Lectures hebdomadaires – S’ouvrir à la merveille de Dieu

John Main osb, extrait de “Two Words from the Past”, The Heart of Creation, Darton, Longman & Todd, Londres, 1988, pp. 43-44.

Récemment, un jeune homme est venu me voir et m’a demandé comment je pouvais supporter de voir tous les jours la même chose par la fenêtre. « Cela ne vous rend pas dingue ? » Mais la vraie question devrait plutôt être celle-ci : « Comment se fait-il que nous puissions toujours voir tant de choses en regardant tous les jours par la même fenêtre ? » Les premiers Pères savaient que l’ennui vient du « désir », le désir de réussite ou de gloire, de nouveauté, de changement d’environnement ou d’activité, de relations différentes, de certitude.

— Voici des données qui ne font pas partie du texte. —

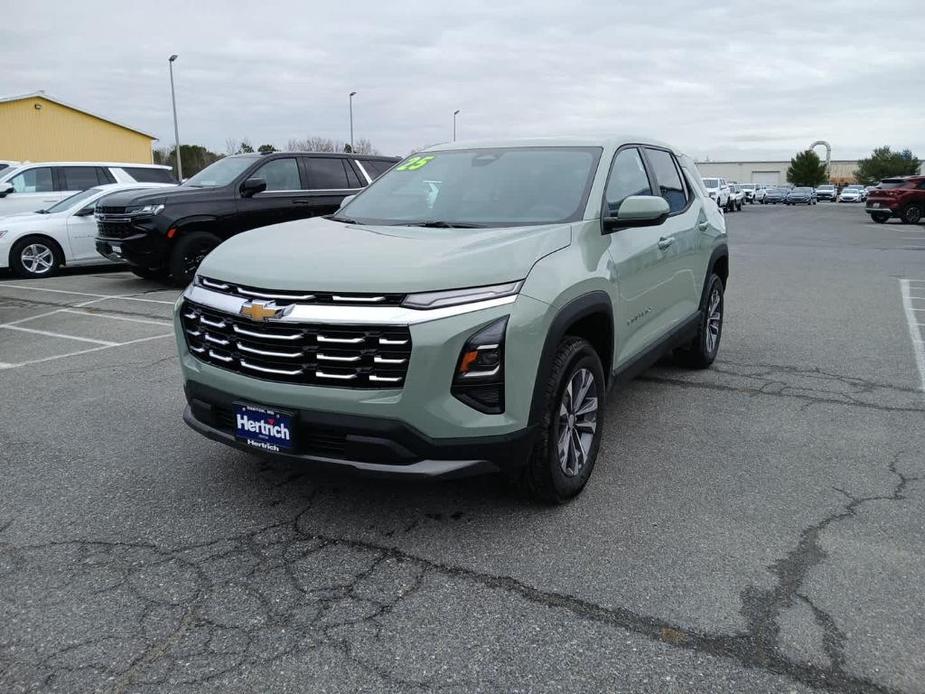 new 2025 Chevrolet Equinox car, priced at $31,995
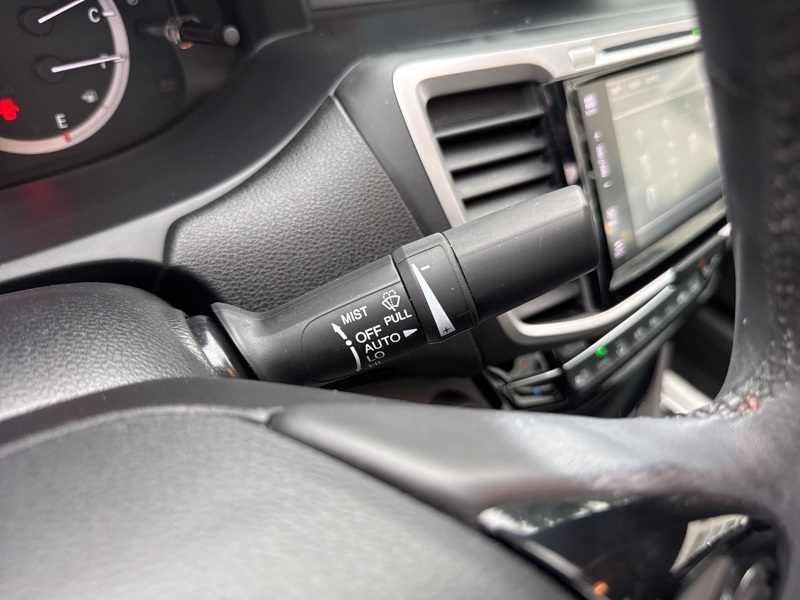 2017 Honda Accord Touring photo 27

La prière pure restreint le désir. Dans l’immobilité de la prière, de plus en plus calme à mesure que l’on approche de la Source de tout ce qui est, de tout ce qui peut être, on est tellement rempli d’émerveillement qu’il n’y a plus de place pour le désir. Ce n’est pas tant que l’on transcende le désir mais plutôt qu’il n’y a simplement plus de place en nous pour un tel désir. Toute la place est occupée par la merveille de Dieu. L’attention, qui s’éparpille en désirs, est rappelée et absorbée en Dieu. […]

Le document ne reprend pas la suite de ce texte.